Donald Aucamp offered this problem in the Puzzle Corner department of MIT Technology Review in October 2003. Three logicians, A, B, and C, are wearing hats. Each of them knows that a positive integer has been painted on each of the hats, and each of them can see her companions’ integers but not her own. They also know that one of the integers is the sum of the other two. Now they engage in a contest to see which can be the first to determine her own number. A goes first, then B, then C, and so on in a circle until someone correctly names her number. In the first round, all three of them pass, but in the second round A correctly announces that her number is 50. How did she know this, and what were the other numbers?

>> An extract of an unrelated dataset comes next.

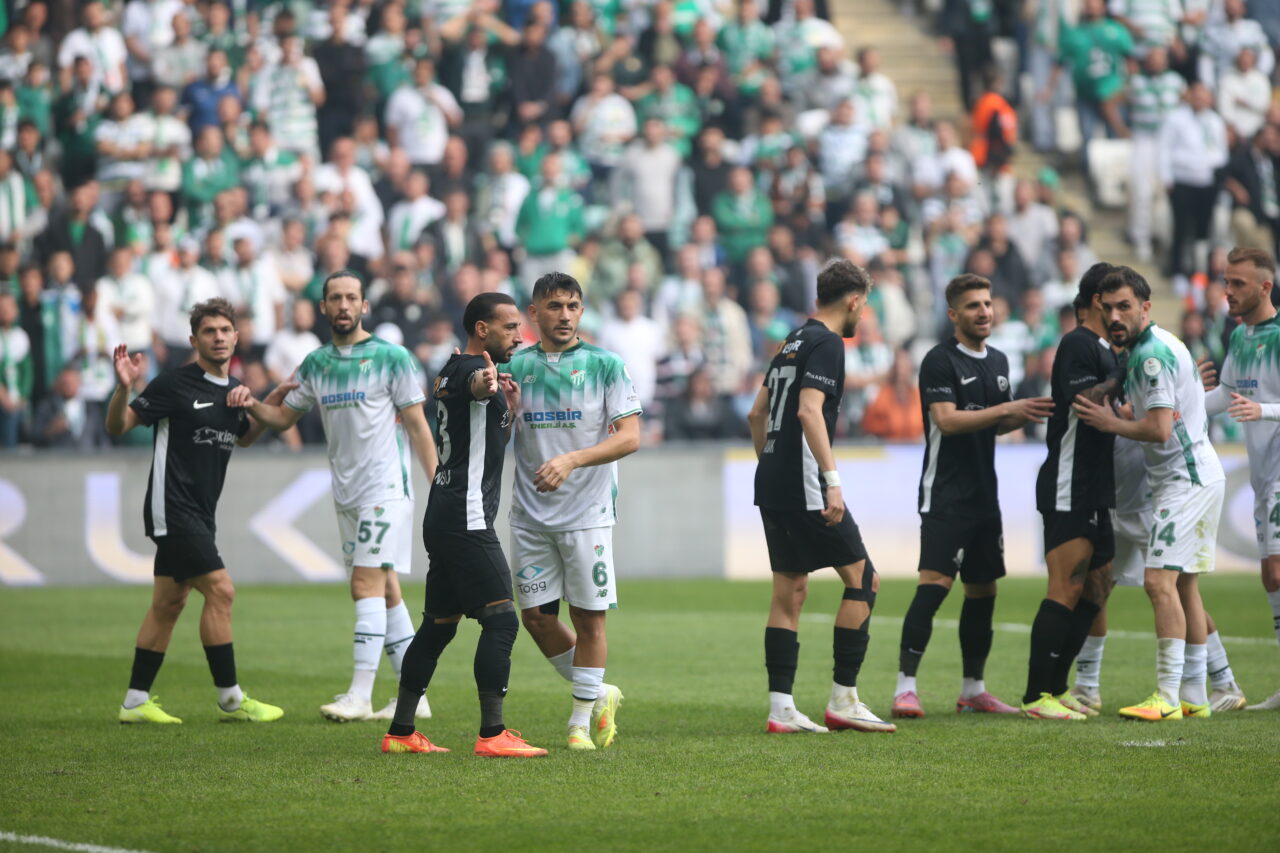 Bursaspor transferde düğmeye bastı; İki oyuncuyla sıcak temas Bursaspor transferde düğmeye bastı; İki oyuncuyla sıcak temas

A pretty dissection puzzle by Sam Loyd. Cut this figure into three pieces that will fit together to make a square.

From Henry Dudeney:

Take an ordinary pack of playing cards and regard all the court cards as tens. Now, look at the top card — say it is a seven — place it on the table face downwards and play more cards on top of it, counting up to twelve. Thus, the bottom card being seven, the next will be eight, the next nine, and so on, making six cards in that pile. Then look again at the top card of the pack — say it is a queen — then count 10, 11, 12 (three cards in all), and complete the second pile. Continue this, always counting up to twelve, and if at last you have not sufficient cards to complete a pile, put these apart. Now, if I am told how many piles have been made and how many unused cards remain over, I can at once tell you the sum of all the bottom cards in the piles. I simply multiply by 13 the number of piles less 4, and add the number of cards left over. Thus, if there were 6 piles and 5 cards over, then 13 times 2 (i.e. 6 less 4) added to 5 equals 31, the sum of the bottom cards. Why is this?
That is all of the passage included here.